[Data provided]
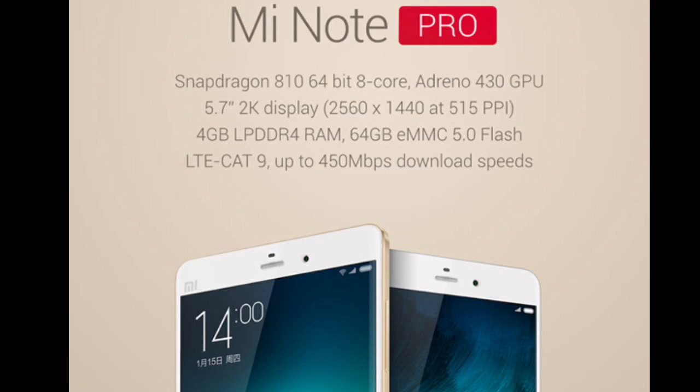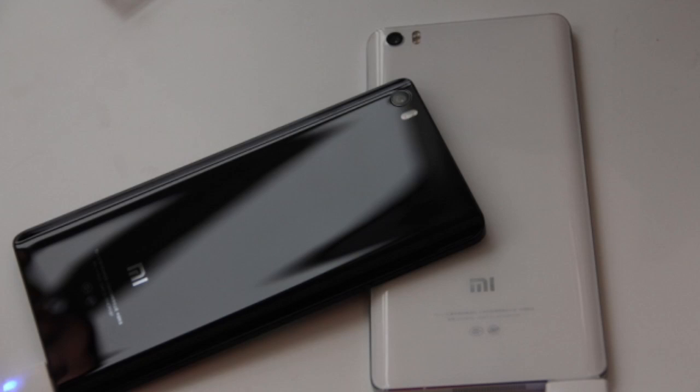We have a 5.7-inch screen with 1440 by 2560 pixel resolution, 515 ppi, and an LCD display technology. This is comparable to the Galaxy Note 4, but the Note 4 has a Super AMOLED screen, so there is a difference in display technology.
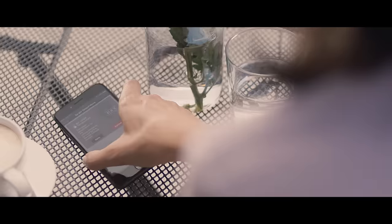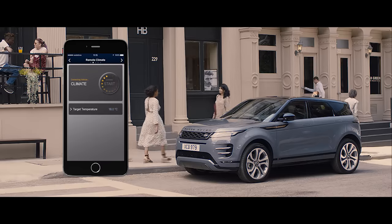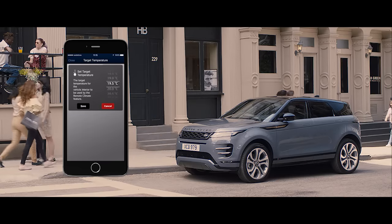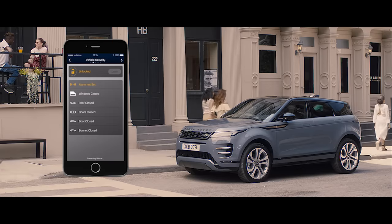The remote app allows you to communicate with your vehicle via your smartphone from wherever you are — from setting the interior climate, to locating your last parked location and even locking or unlocking the car.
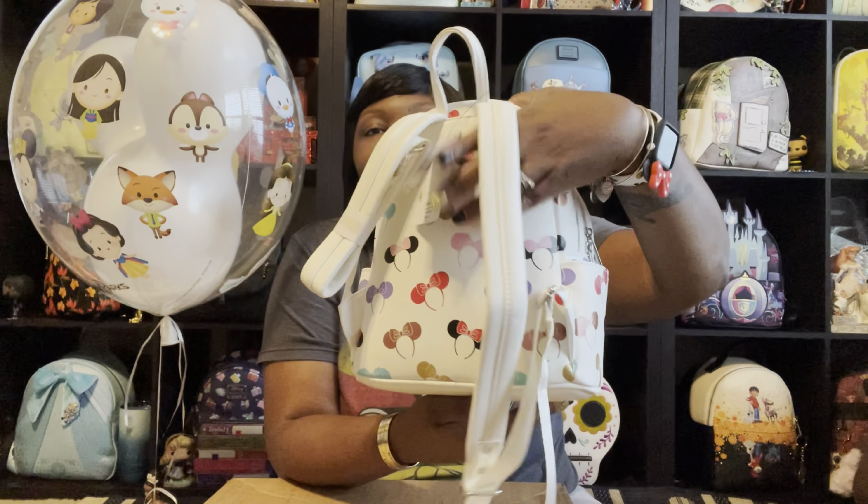I just realized that each zipper compartment has two zippers — so there's two zippers on this one and two zippers on this one. I really like that. There's just something about Disney Parks bags that I really love — I feel like they're so much more special. The first zipper space is right up in the front.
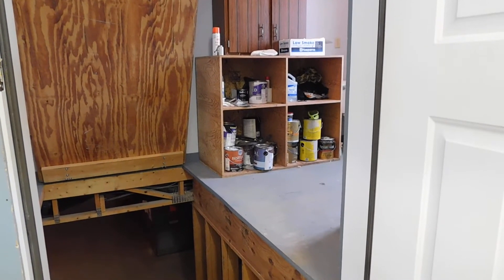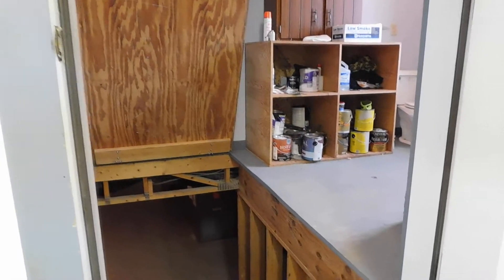Okay, so here we are from the garage. This is the access to the basement.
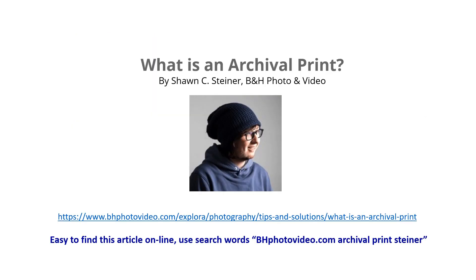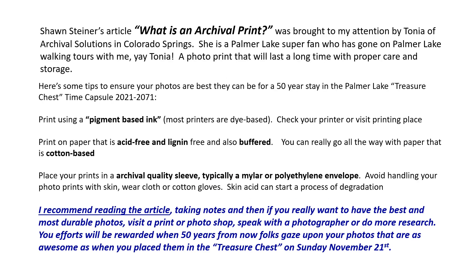What we're going to do now is learn some helpful tidbits on what an archival print is — that is, if you want to put photos in the time capsule, maybe with a note saying what the photo is. Mr. Sean Steiner of B&H Photo and Video in New York City recently wrote a neat article that talks about what is an archival print. That article is easy to find if you type in that big long address or if you just put in the keywords noted. It's a really good article — short, easy to understand, very informative. I want to thank Tanya of Archival Solutions in Colorado Springs for bringing this article to my attention. She's actually been on walking tours with me in Palmer Lake, so she's a Palmer Lake super fan.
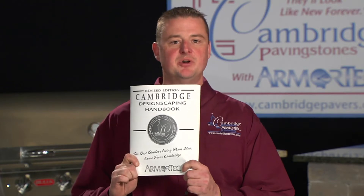In addition to the directions, the Cambridge Designscaping Handbook can help you in scheduling the necessary time and cost for each installation, including labor hours, additional materials such as concrete adhesives, and even your projected profit margin. All of these materials are available at your authorized Cambridge Paving Stones and Wall Systems dealer.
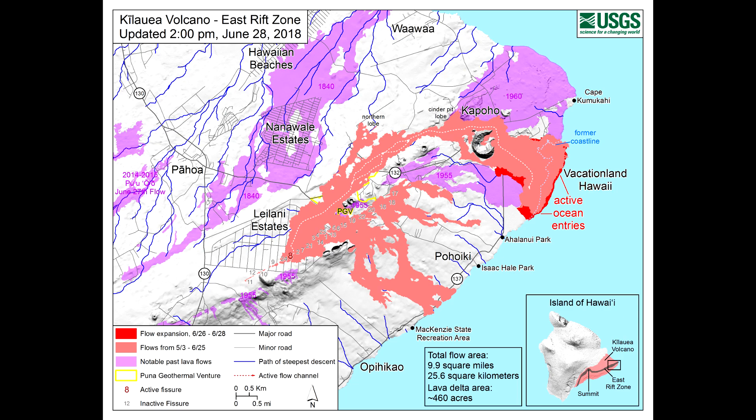No active overflows were observed during this morning's helicopter overflight. The spatter cone is now about 55 meters, or 180 feet, tall at its highest point, and fountains only occasionally rise above that point. At the coast, the northern margin of the flow field is still oozing fresh lava at several points in the area of Kapoho Beach Lots.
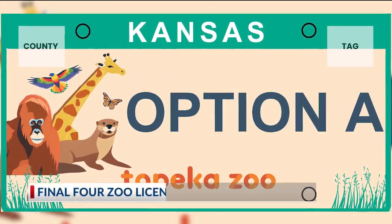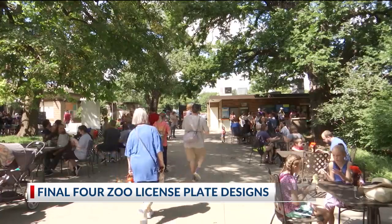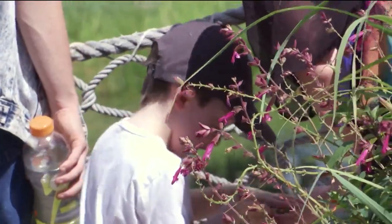Kansans have another license plate design to vote on. The Topeka Zoo is launching a new license plate, and organizers need you to weigh in. The zoo's development director explains how these designs were chosen.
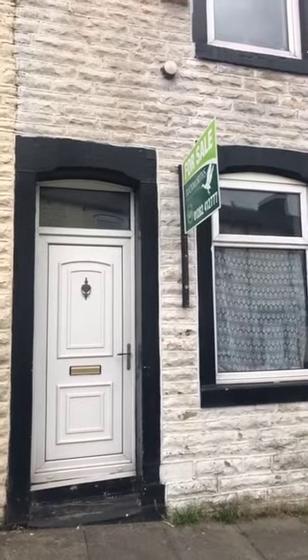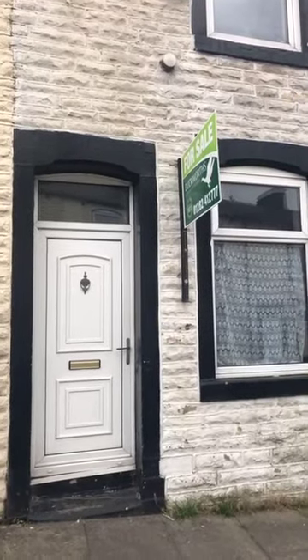Hi, I'm at 37 Parkinson Street in Burnley to give you a virtual property tour.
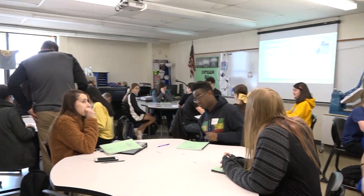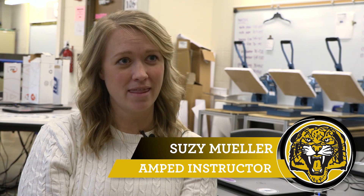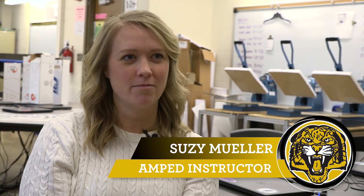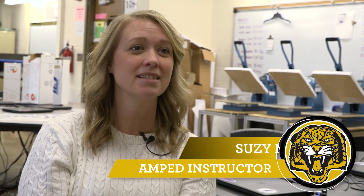AMT is for Algebra, Manufacturing, Production, Entrepreneurship, and Design. It is a class designed to fuse business and math so they learn the curriculum of Algebra 1 while learning how to work a business, start a business, and make money in the production aspect.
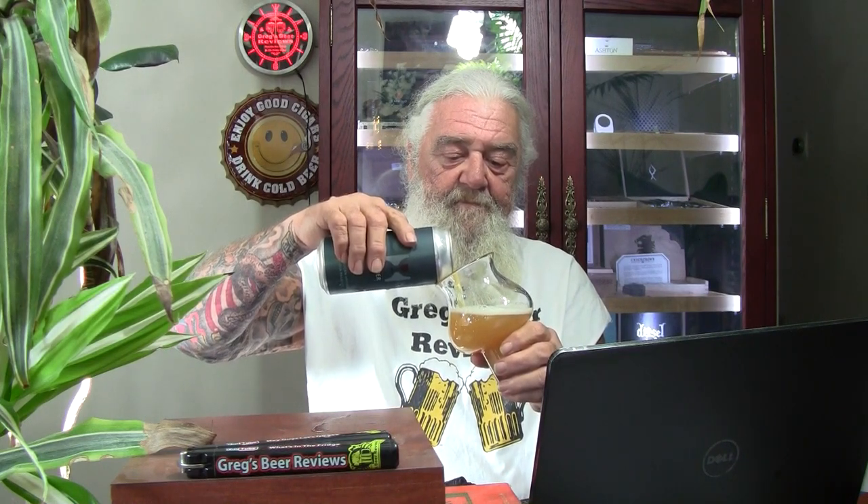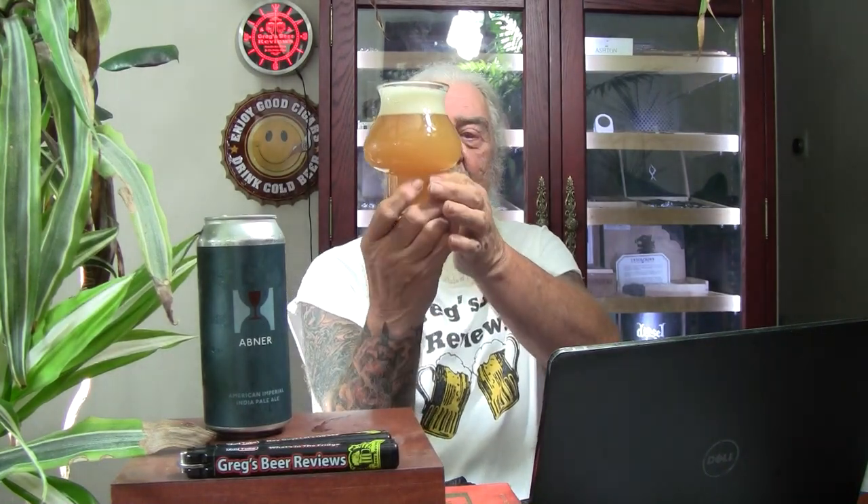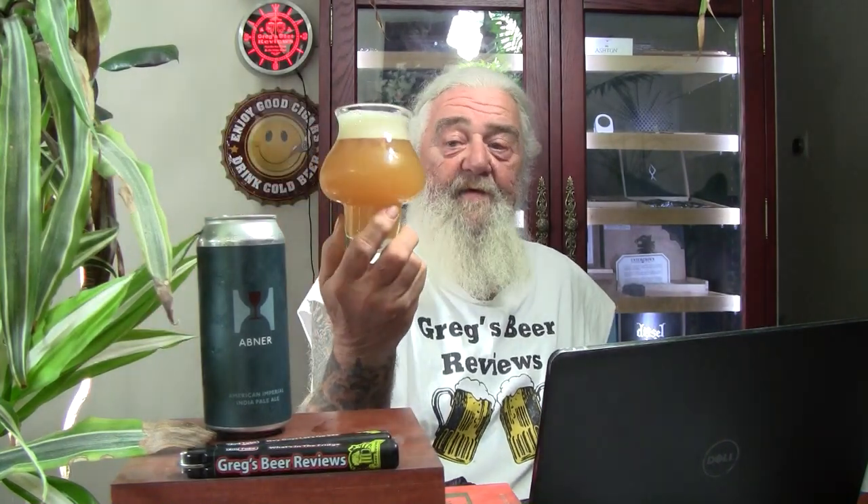Nice and cloudy coming out — good looking beer. All these breweries up in New England, man, they're in Vermont — they produce these New England style beers very well usually. Almost got it all in there — about a finger and a half of head on that pour. That is a really good looking beer. Not the bright orange-ish color, but close enough that I consider it a New England style beer. Very hazy, very cloudy, unfiltered — a good looking beer.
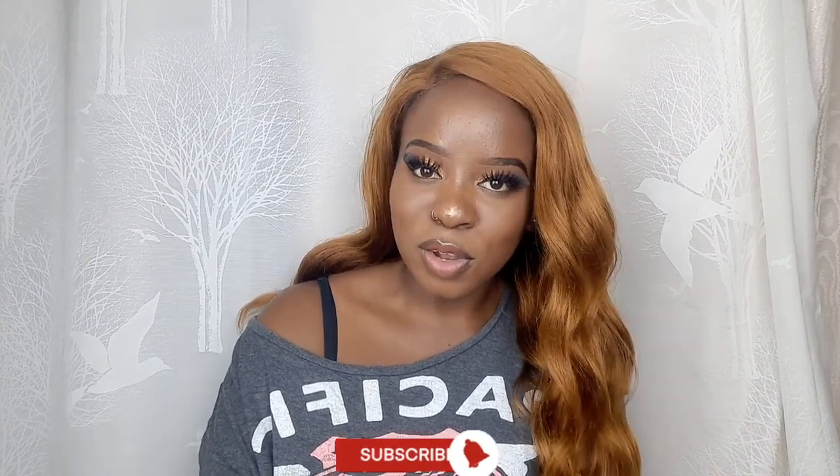If you haven't subscribed, can you subscribe and hit that notification button so just in case I upload a new video you get notified. And before I continue, if you hear noise outside, bear with me — there are some people moving in and doing some DIY around here.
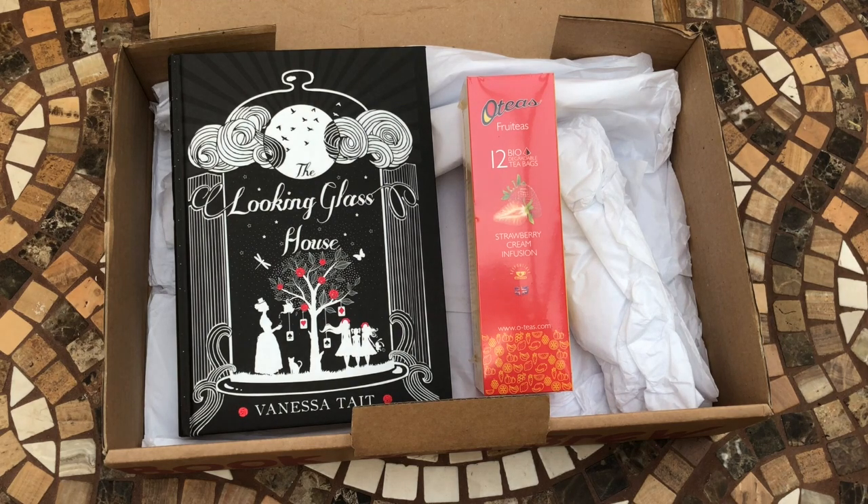I do hope you've enjoyed this unboxing. You'll be seeing on screen now some of the previous unboxings I've done for Book and a Brew — I've been a subscriber for quite a while, so there are quite a few of them. I do hope you will like this video and subscribe to make sure you don't miss any more of my unboxings. Thanks so much for watching — bye guys!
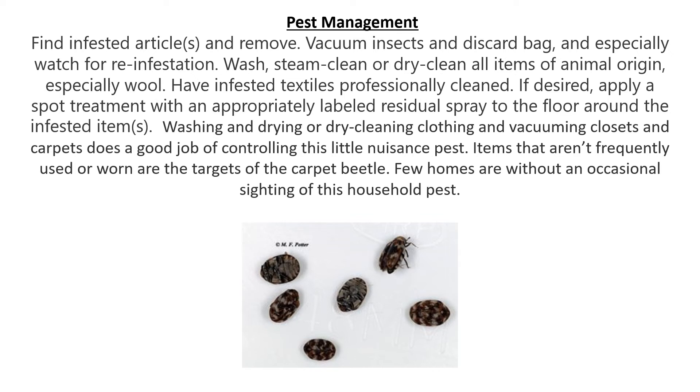Have infested textiles professionally cleaned. If desired, you can apply spot treatment with an appropriately labeled residual spray to the floor around the infested items. Washing and drying or dry cleaning clothing and vacuuming closets and carpets does a good job of controlling this little nuisance pest.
[/Data provided]
Return exactly the lines above, from the one with "What we're going" up to and including the one with "the production aspect.", and include no pictures.

What we're going to do now is learn some helpful tidbits on what an archival print is — that is, if you want to put photos in the time capsule, maybe with a note saying what the photo is. Mr. Sean Steiner of B&H Photo and Video in New York City recently wrote a neat article that talks about what is an archival print. That article is easy to find if you type in that big long address or if you just put in the keywords noted. It's a really good article — short, easy to understand, very informative. I want to thank Tanya of Archival Solutions in Colorado Springs for bringing this article to my attention. She's actually been on walking tours with me in Palmer Lake, so she's a Palmer Lake super fan.
In addition to the directions, the Cambridge Designscaping Handbook can help you in scheduling the necessary time and cost for each installation, including labor hours, additional materials such as concrete adhesives, and even your projected profit margin. All of these materials are available at your authorized Cambridge Paving Stones and Wall Systems dealer.
No active overflows were observed during this morning's helicopter overflight. The spatter cone is now about 55 meters, or 180 feet, tall at its highest point, and fountains only occasionally rise above that point. At the coast, the northern margin of the flow field is still oozing fresh lava at several points in the area of Kapoho Beach Lots.
Kansans have another license plate design to vote on. The Topeka Zoo is launching a new license plate, and organizers need you to weigh in. The zoo's development director explains how these designs were chosen.
Hi, I'm at 37 Parkinson Street in Burnley to give you a virtual property tour.
AMT is for Algebra, Manufacturing, Production, Entrepreneurship, and Design. It is a class designed to fuse business and math so they learn the curriculum of Algebra 1 while learning how to work a business, start a business, and make money in the production aspect.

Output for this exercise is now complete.